[[ Data, beginning ]]

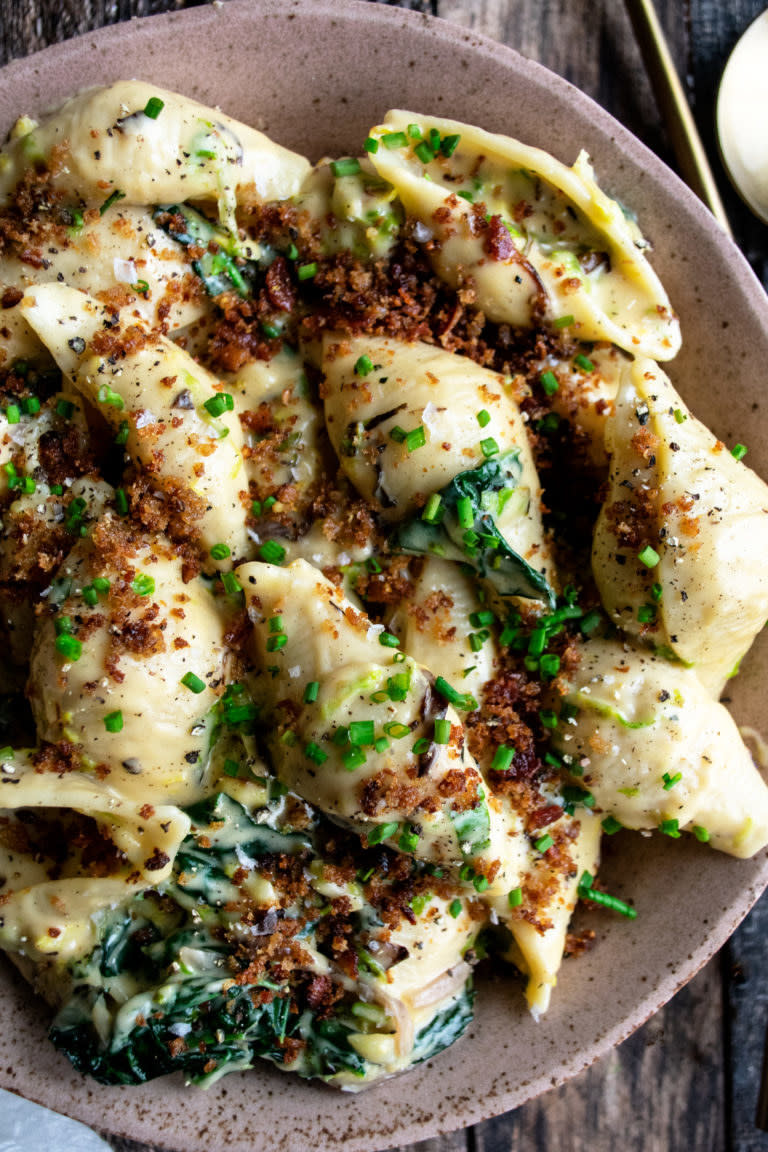 Mac 'n' cheese with bacon breadcrumbs.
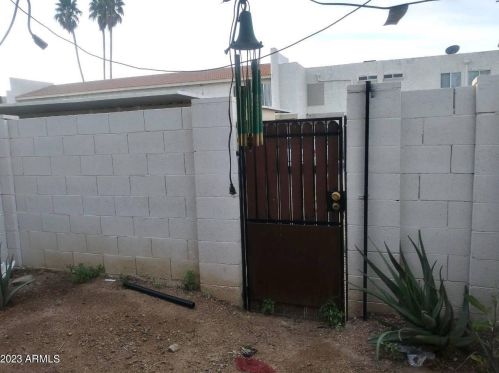 3840 43rd Ave, Phoenix AZ 85033-2926 exterior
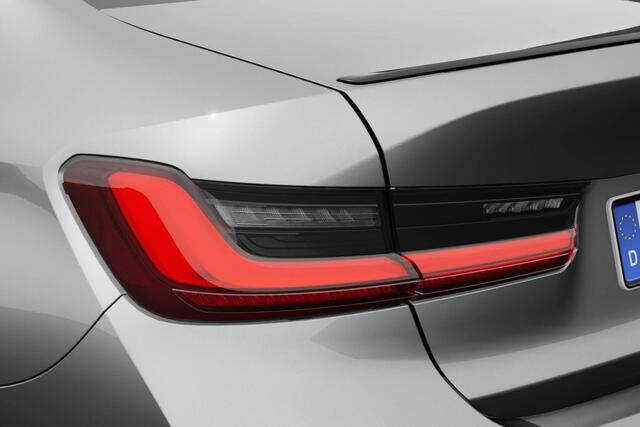 BMW 3-SERIE Sedan 330e | M Sport Pro | Comfort Pack | Harman-Kardon Sound System | Active Cruise Control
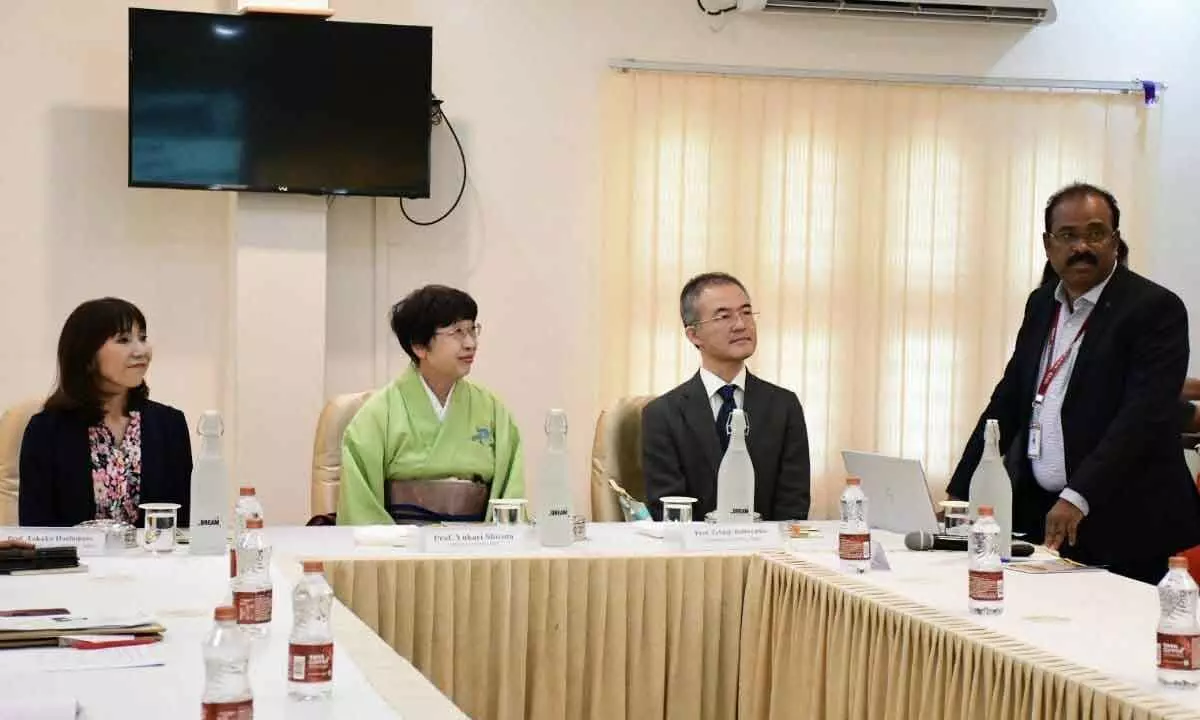 Japanese delegation visits MITS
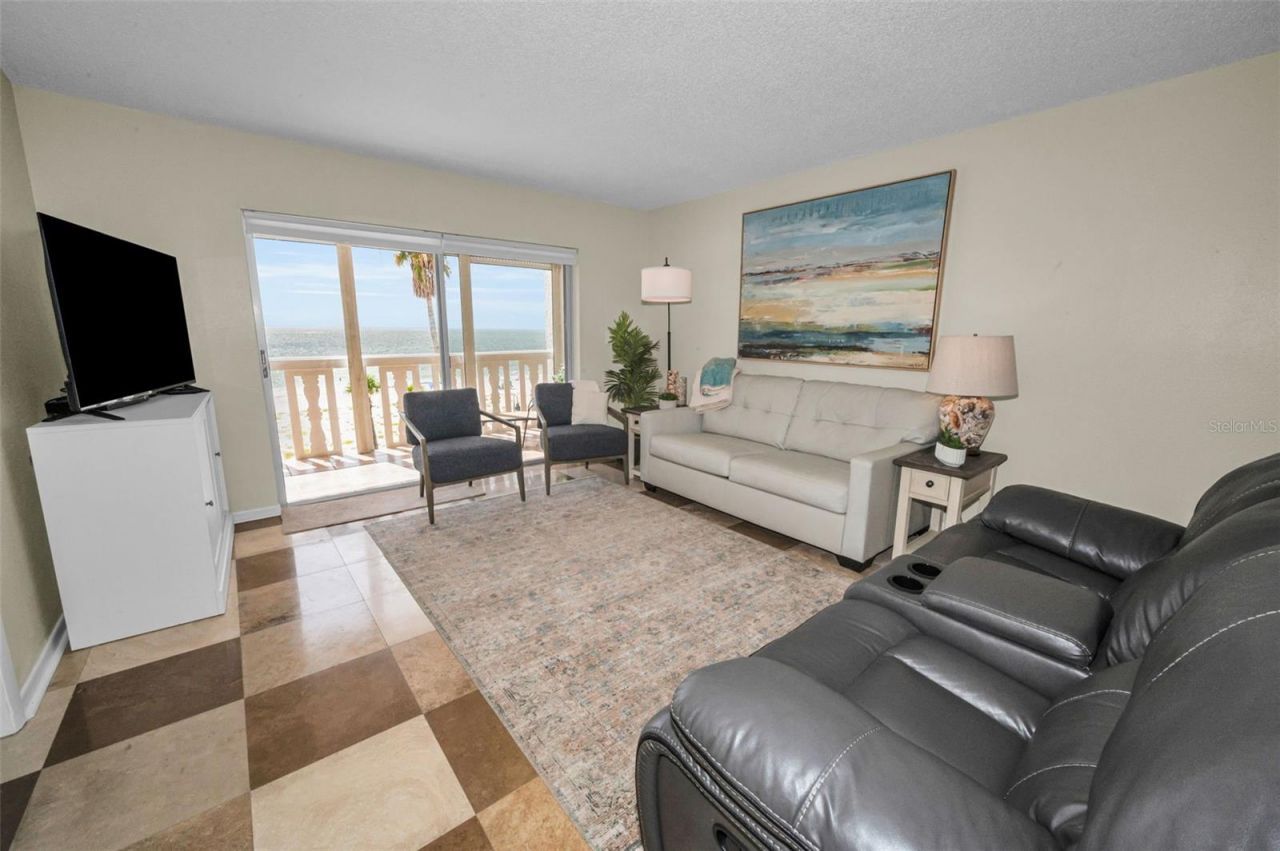 403 Gulf Way, Unit 403, Saint Pete Beach, FL 33706 Photo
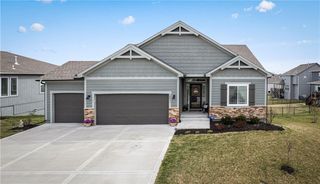 10611 N Holly Street, Kansas City, MO 64155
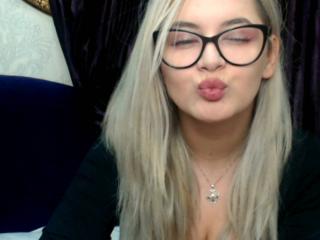HugexBoobsx - Live cam hard with this fair hair Sexy girl 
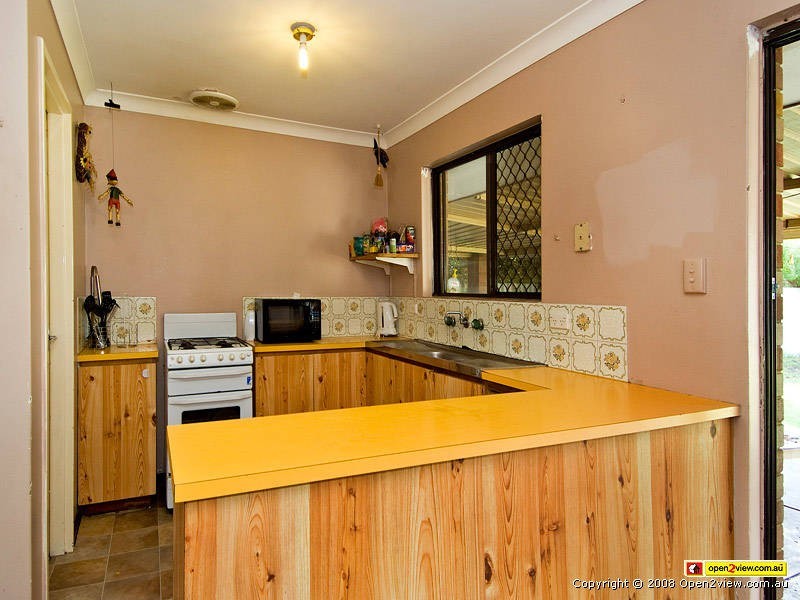 52 Numulgi Street, Armadale WA 6112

[[ Data, end ]]

→ Activity
The job is to set down the whole listing exactly, excluding any images.

→ Output below
 Mac 'n' cheese with bacon breadcrumbs.
 3840 43rd Ave, Phoenix AZ 85033-2926 exterior
 BMW 3-SERIE Sedan 330e | M Sport Pro | Comfort Pack | Harman-Kardon Sound System | Active Cruise Control
 Japanese delegation visits MITS
 403 Gulf Way, Unit 403, Saint Pete Beach, FL 33706 Photo
 10611 N Holly Street, Kansas City, MO 64155
HugexBoobsx - Live cam hard with this fair hair Sexy girl 
 52 Numulgi Street, Armadale WA 6112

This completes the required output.